Quote every line of the data below as it stands, omitting pictures.

INFORMATION PROVIDED:
- - - - -

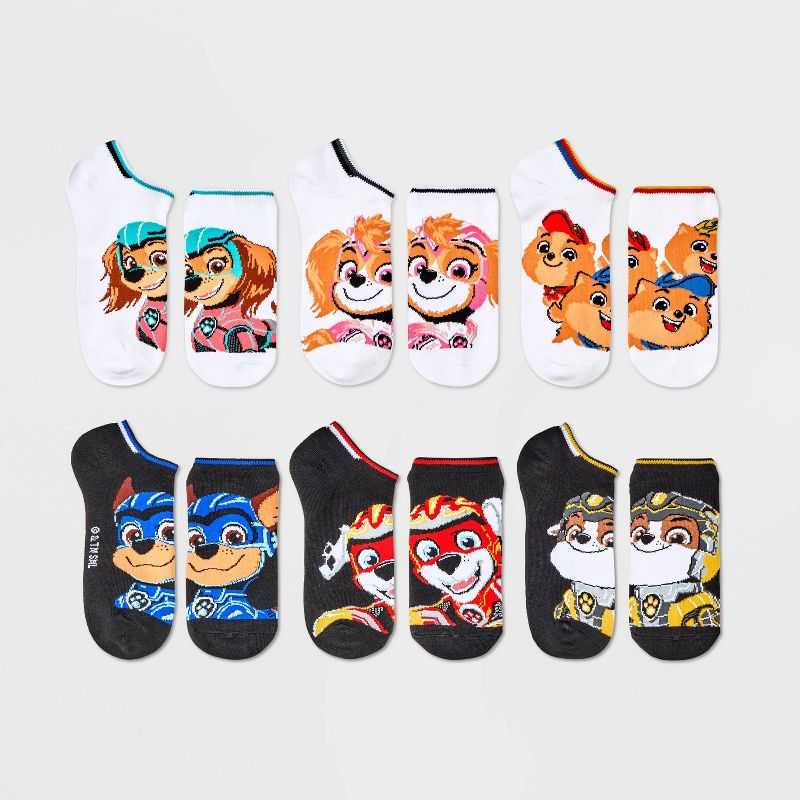 Boys' PAW Patrol 6pk No Show Socks - Black/White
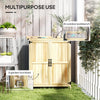 Outsunny 43 x 74cm Fir Wood Shed, with Metal Worktop - Natural Finish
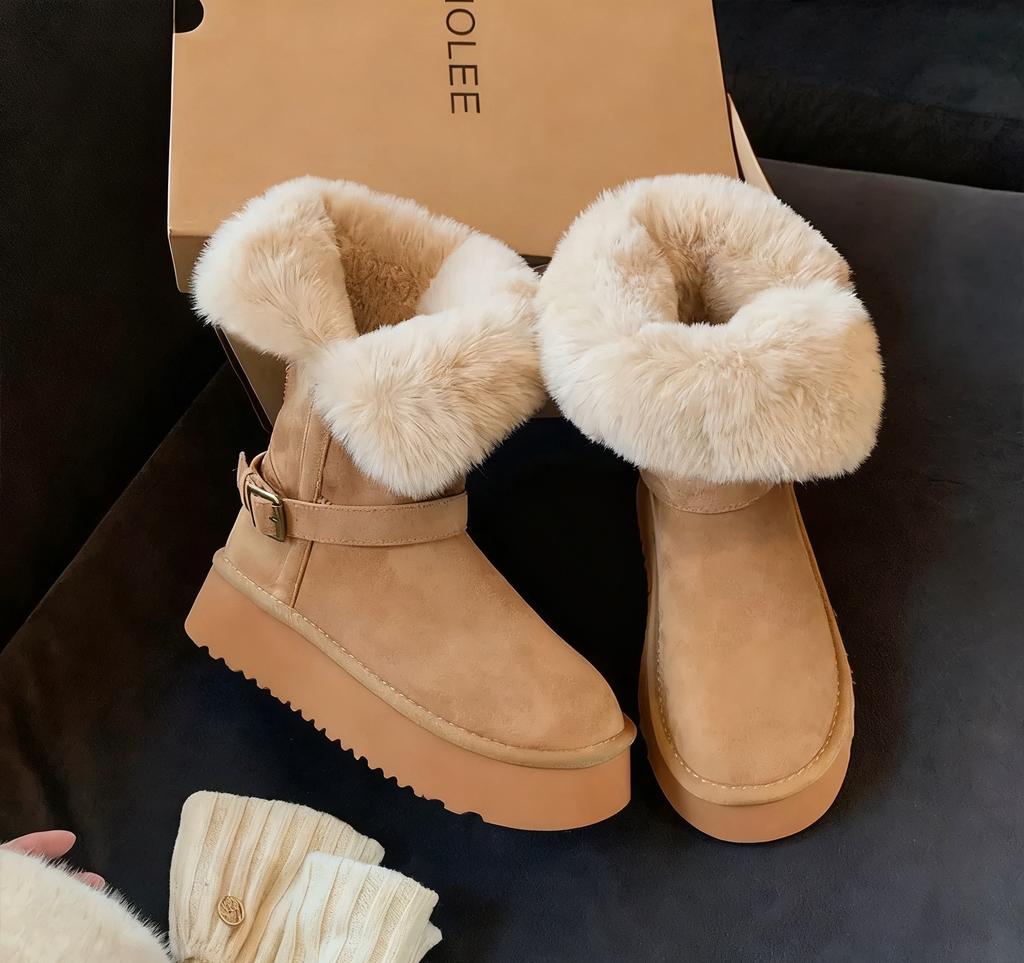 Cowhide Version Autumn and Winter New Two-wear Buckle Belt Thick-soled Fluffy Flanged Warm Cotton Shoes Medium Tube Snow Boots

- - - - -

RESULT OF THIS EXERCISE:
 Boys' PAW Patrol 6pk No Show Socks - Black/White
 Outsunny 43 x 74cm Fir Wood Shed, with Metal Worktop - Natural Finish
 Cowhide Version Autumn and Winter New Two-wear Buckle Belt Thick-soled Fluffy Flanged Warm Cotton Shoes Medium Tube Snow Boots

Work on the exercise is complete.